DESIGN

Experiences

  • Frog Design (2016-2019)
  • Princeton University (2019-Present)
  • DoD(Afghanistan & Rapid Prototyping) (2010-2011)

Skills

  • Human Centered Design
  • Design Strategy
  • Teaching
  • Technology Strategy
  • Scenario Planning & Futurecasting

I define design as the implementation of innovation under specific constraints: the creation of an object, service or experience that can be delivered and that people want to use. Design is closely related to creativity (thinking differently) and innovation (getting a group to adopt a new practice).

Much of my career has been focused on designing innovative (new) things: organizations, products, processes, experiences, and markets. Design often incorporates a creative problem-solving methodology, like agile design or human centered design, depending on the availability of user feedback and how well defined the problem you are trying to solve is.

Good design is about simplicity, benefit, and intuition. A good design can result in beautifully created things, but design can also be quiet, causing you to not even realize a certain kind of functionality or symmetry was there, because what happens just makes sense. While my tech experience is more analytical, my design work focuses more on the human experience, and often focuses the integration of artificial intelligence and related capabilities into design.



Designed a high-performance, digitally-connected future campus which anticipates and amplifies the experience of its occupants

A High Performance, Digital Teammate



Our design team worked with a major athletic retailer to create their new global headquarters. The goal was to create the most connected corporate headquarters in the world, to showcase the future of work, to make any employee—no matter where they were based—feel at home when they visited, to uplift the city around it, and to showcase an emerging brand as it expands onto the Global Stage.

Our work between 2016 & 2017 focused on identifying opportunities where near-term experience projects can bring immediate value to the campus while at the same time developing the global retailer’s capability to bring the future vision of digital connectivity to life.

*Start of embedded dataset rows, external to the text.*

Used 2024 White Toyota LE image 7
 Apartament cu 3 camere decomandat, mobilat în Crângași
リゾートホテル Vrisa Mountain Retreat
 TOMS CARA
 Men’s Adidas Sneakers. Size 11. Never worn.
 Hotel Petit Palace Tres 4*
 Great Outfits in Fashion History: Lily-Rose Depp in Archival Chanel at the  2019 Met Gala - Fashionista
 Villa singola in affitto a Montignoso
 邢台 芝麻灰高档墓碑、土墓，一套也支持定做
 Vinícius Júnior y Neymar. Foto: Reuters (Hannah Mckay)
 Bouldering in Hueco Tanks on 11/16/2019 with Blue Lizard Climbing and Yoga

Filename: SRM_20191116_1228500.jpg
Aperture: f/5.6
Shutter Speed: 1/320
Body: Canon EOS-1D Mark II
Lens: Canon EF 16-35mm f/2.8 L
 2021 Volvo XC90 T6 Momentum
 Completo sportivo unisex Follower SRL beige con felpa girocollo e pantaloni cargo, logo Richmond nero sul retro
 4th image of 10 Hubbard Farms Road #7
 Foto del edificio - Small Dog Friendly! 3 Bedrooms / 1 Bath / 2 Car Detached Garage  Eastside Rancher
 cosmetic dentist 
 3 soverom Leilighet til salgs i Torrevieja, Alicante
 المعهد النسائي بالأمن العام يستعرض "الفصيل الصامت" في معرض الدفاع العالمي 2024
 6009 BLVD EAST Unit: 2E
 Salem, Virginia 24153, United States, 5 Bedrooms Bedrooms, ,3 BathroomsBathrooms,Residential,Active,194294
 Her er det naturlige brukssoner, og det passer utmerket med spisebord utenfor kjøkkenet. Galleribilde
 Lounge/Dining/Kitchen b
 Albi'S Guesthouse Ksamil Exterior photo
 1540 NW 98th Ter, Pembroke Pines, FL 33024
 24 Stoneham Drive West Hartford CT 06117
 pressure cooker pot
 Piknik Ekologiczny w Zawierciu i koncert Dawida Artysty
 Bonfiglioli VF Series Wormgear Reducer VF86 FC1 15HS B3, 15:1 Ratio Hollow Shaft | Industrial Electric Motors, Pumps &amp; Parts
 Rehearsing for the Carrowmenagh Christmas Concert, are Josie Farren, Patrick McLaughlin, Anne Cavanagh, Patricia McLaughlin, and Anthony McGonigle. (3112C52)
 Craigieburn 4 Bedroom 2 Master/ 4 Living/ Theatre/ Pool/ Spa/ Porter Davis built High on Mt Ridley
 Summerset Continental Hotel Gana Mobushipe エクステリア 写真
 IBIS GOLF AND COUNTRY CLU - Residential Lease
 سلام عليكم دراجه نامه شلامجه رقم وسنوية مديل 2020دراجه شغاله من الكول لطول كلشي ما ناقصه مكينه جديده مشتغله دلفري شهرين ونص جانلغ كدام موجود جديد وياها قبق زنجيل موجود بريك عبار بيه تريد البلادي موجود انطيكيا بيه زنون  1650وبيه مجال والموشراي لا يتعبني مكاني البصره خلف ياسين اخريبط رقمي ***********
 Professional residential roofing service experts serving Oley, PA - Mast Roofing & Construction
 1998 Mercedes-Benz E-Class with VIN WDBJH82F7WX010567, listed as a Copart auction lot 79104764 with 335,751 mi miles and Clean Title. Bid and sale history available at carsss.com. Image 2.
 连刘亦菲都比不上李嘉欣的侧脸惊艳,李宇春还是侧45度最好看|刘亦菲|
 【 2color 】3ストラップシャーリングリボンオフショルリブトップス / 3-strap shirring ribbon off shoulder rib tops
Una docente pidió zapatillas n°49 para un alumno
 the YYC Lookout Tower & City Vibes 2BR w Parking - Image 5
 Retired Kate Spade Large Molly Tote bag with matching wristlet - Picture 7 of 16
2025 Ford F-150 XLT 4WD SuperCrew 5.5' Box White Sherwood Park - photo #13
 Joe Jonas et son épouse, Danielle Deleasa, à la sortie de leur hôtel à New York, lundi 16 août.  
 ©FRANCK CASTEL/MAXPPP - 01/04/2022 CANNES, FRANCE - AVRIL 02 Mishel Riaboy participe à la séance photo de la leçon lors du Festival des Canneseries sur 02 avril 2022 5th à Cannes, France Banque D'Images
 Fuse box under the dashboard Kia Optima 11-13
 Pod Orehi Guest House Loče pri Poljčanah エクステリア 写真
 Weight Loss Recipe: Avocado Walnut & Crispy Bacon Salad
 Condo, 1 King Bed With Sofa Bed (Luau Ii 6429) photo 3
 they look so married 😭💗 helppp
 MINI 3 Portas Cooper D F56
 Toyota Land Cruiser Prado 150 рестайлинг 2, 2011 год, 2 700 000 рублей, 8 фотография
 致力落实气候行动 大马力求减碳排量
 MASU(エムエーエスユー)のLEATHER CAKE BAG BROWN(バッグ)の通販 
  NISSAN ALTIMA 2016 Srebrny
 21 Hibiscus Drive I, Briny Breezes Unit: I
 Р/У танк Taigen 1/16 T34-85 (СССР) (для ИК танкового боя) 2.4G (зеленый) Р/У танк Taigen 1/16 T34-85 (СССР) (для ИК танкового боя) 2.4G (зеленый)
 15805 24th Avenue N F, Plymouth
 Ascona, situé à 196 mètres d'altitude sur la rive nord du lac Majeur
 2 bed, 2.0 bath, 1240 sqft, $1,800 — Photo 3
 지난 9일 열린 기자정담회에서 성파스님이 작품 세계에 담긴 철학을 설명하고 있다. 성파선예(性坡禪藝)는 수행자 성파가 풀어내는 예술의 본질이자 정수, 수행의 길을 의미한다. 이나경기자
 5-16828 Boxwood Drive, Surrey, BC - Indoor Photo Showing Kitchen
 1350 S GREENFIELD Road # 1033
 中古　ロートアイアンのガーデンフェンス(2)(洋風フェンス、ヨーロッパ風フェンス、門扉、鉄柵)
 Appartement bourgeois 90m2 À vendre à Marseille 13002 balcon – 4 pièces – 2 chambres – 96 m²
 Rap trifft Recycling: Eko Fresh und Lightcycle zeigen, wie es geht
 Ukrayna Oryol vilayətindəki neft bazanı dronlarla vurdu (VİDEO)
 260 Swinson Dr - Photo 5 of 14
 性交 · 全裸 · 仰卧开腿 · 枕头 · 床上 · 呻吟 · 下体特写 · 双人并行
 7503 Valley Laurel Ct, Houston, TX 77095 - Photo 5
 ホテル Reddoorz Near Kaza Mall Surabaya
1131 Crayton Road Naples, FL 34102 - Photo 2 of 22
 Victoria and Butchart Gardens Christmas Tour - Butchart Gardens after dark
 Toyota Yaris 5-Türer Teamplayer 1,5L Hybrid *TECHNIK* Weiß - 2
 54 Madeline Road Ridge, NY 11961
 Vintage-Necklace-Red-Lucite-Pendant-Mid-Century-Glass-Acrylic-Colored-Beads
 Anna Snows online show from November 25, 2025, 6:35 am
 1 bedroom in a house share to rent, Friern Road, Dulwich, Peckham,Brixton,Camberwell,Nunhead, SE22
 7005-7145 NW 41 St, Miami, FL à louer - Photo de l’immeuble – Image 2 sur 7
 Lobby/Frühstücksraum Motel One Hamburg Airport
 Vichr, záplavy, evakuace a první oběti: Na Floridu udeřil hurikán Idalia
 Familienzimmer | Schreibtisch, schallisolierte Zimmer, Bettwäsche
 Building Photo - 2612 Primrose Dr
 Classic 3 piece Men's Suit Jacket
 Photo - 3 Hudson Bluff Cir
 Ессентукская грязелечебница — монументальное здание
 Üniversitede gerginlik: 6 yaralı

After research and future casting workshops, we developed a design framework that would align the key ingredients of innovation: the people, places and technology that would allow the company to live 18 months into the future in order to create and sustain a competitive advantage in the market.

The Campus As a Value-Creating Asset



Our team’s work included coming up with a vision and experience strategy for a campus that lived 18 months into the future, centered around the different types of users who would interact with the campus, both physically and digitally, but focused significantly on the journey of the employee across three categories:

1. Mobility. The flow of people in and around the global campus network, allowing seamless access and meaningful transitions that support core values of the company.

2. Content. Data collection and fusion to deliver contextually relevant information that amplifies teammate and guest experiences and drives business value (not just content to screens). 

3. Collaboration. Fostering the ability for teammates to collaborate across the globe without friction, in the spaces they choose, using the devices they choose.
Our team developed three employee journeys: one 18 months from, one five years, and one ten years into the future.

Experience Initiatives & Technical Roadmap



Our work then took us to defining nine experience initiatives that the company would need to develop in order to coordinate and bring to life campus experiences across people, places, and technology. Some of these initiatives would be able to be fielded in the near future by taking advantage of a number of key technologies that the company already employed throughout its enterprise.

Each of these initiatives were also made up of a number of technical capabilities that the company would need to develop to bring the experiences to life, and a 5-year technology roadmap optimized to deliver short-term value and optionality.

Finally, all of this was organized around a three phase strategy: a foundational phase that would align the organization around initiatives, an experience design and prototyping phase to create learning while socializing new experiences, and a capability development phase that brought the future campus to life.